Your motherboard has got the 1.1 pcie


----------



## KennyT772 (Nov 1, 2007)

Finnally, someone who does back up their posts with information. I am curious what motherboards have this issue, is it all older motherboards, or just ones with a older xfire/sli chipset. 

I want to know why they are not compatable.


----------



## Frick (Nov 1, 2007)

I wasn't concerned about my motherboard having PCIe 1.0a. 

What I am concerned about is this:

RD580 PCIe 1.0a
RS600 PCIe 1.0a
RS690 PCIe 1.0a
P965 PCIe 1.0a

That means a lot of people with kickass motherboards (say a good p965-board) cannot upgrade their graphic cards.. And that's a real shame IMO.


----------



## hugz (Nov 1, 2007)

take a look here http://gathering.tweakers.net/forum/list_messages/1241374


----------



## Frick (Nov 1, 2007)

Ooohh.. Nice!

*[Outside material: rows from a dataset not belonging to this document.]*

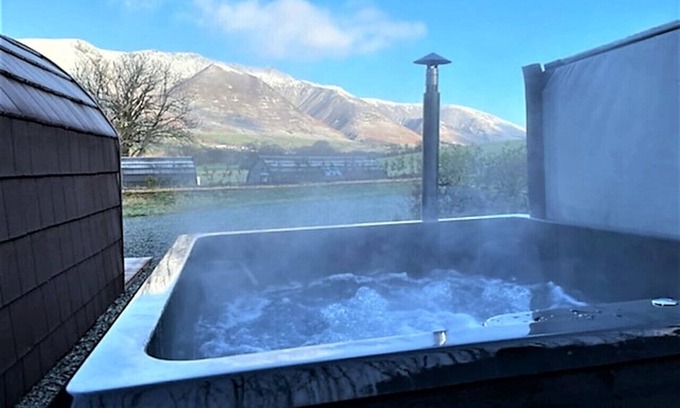 Threlkeld House | Striding Edge - One Bedroom House, Sleeps 2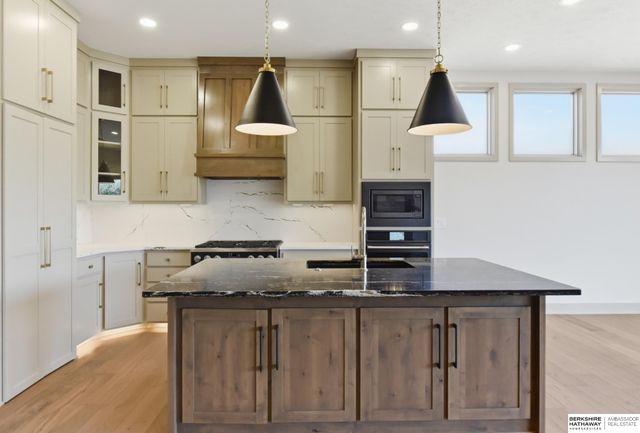 21710 Blaine Street, Omaha, NE 68022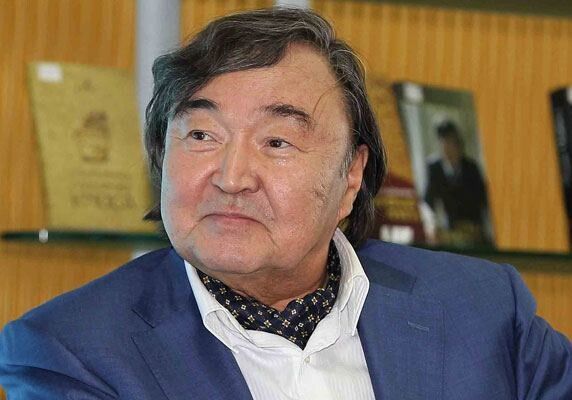 «Я помню Гейдара Алиева настоящим лидером своей страны, мыслящим категориями и национальными, и планетарными» - Олжас Сулейменов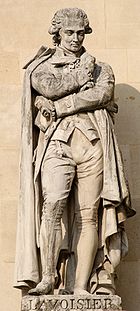 Cour Napoléon em Louvre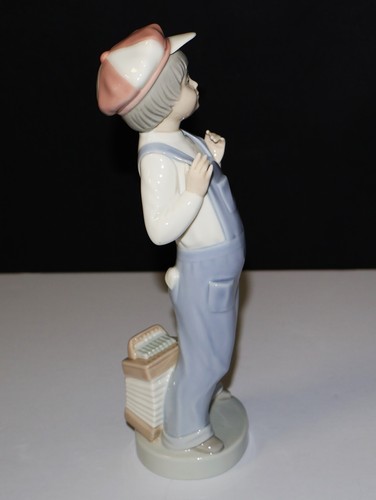 Figura Lladro “Niño de Madrid” #4898 Tradiciones Españolas de Francisco Catala - Imagen 4 de 6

Saved to my computer.


----------



## hugz (Nov 1, 2007)

P965 chipset is PCI-E 1.1a  that dutch website was wrong.



			
				Tatty One said:
			
		

> Look at page 9, paragraph 1.3.4 http://download.intel.com/design/chipsets/datashts/31305303.pdf


----------



## GREASEMONKEY (Nov 14, 2007)

Finding information on the compatability of PCI-E 2.0 cards with older motherboards seems to be elusive at best.I would like to put some self confirmed info on this subject out there.

I purchased an XFX 8800GT which is PCI-E 2.0,which i have installed on a Bio-Star T-force
939 board(pci-e version 1.0a compliant)and works great.

I also intstalled the 8800GT on a Abit AT-8 board(pci-e version1.0a),and it works fine in this mobo also,obviously not in crossfire though.I was told by a tech at AMD that the X3200 chipset on the AT-8 would support 2 PCI-E 2.0 cards in cross-fire.


----------



## Solaris17 (Nov 14, 2007)

hugz said:


> As far as I know all P35 chipsets got 1.1, 680i got it too
> 
> nForce4 PCIe 1.0a
> MCP67 PCIe 1.1
> ...




FUCK!!!! my GF got me an 8800GT for x-mas that i cant have yet and now it isnt compatable with me mobo?!


----------



## Wile E (Nov 14, 2007)

Solaris17 said:


> FUCK!!!! my GF got me an 8800GT for x-mas that i cant have yet and now it isnt compatable with me mobo?!


It's perfectly compatible. PCIe 2.0 is reverse compatible with 1


----------



## Solaris17 (Nov 14, 2007)

but its nf4 it says 1.0a which is incompatable to my knowledge least thats what everyone said on like the first 2 pages


----------



## Wile E (Nov 14, 2007)

Solaris17 said:


> but its nf4 it says 1.0a which is incompatable to my knowledge least thats what everyone said on like the first 2 pages


Check the post above your first one. It should be fine.


----------



## Solaris17 (Nov 14, 2007)

wew   yay least i dont have to try and buy a new mobo without her noticing its like ever sionce i moved in she knows were every dollar of mine is spent


----------



## Wile E (Nov 14, 2007)

Solaris17 said:


> wew   yay least i dont have to try and buy a new mobo without her noticing its like ever sionce i moved in she knows were every dollar of mine is spent


lol. That's the breaks in this type of relationship. I usually have to make unsavory promises to get goodies. lol


----------



## W1zzard (Nov 14, 2007)

all pcie 2.0 cards will work fine on any pci-e motherboards.
any pcie 1.x cards will work fine on any pci-e 2.0 motherboard

the main benefit of pci-e 2.0 is that the transfer bandwidth has been increased. however, many gpu board designs are not even designed to handle transfer speeds of 4 GB/s, most give you 1-2 GB/s in reality.

does it make any difference in game FPS ? I dont think so. For a quick test set your port speed to PCI-E 8x vs. x16. The difference you will now see is the _maximum_ incerase you will be able to get going from PCI-E 1.0 x16 -> PCI-E 2.0 x16 which is just like x32 in terms of bandwidth


----------



## wiak (Nov 14, 2007)

+1
master


----------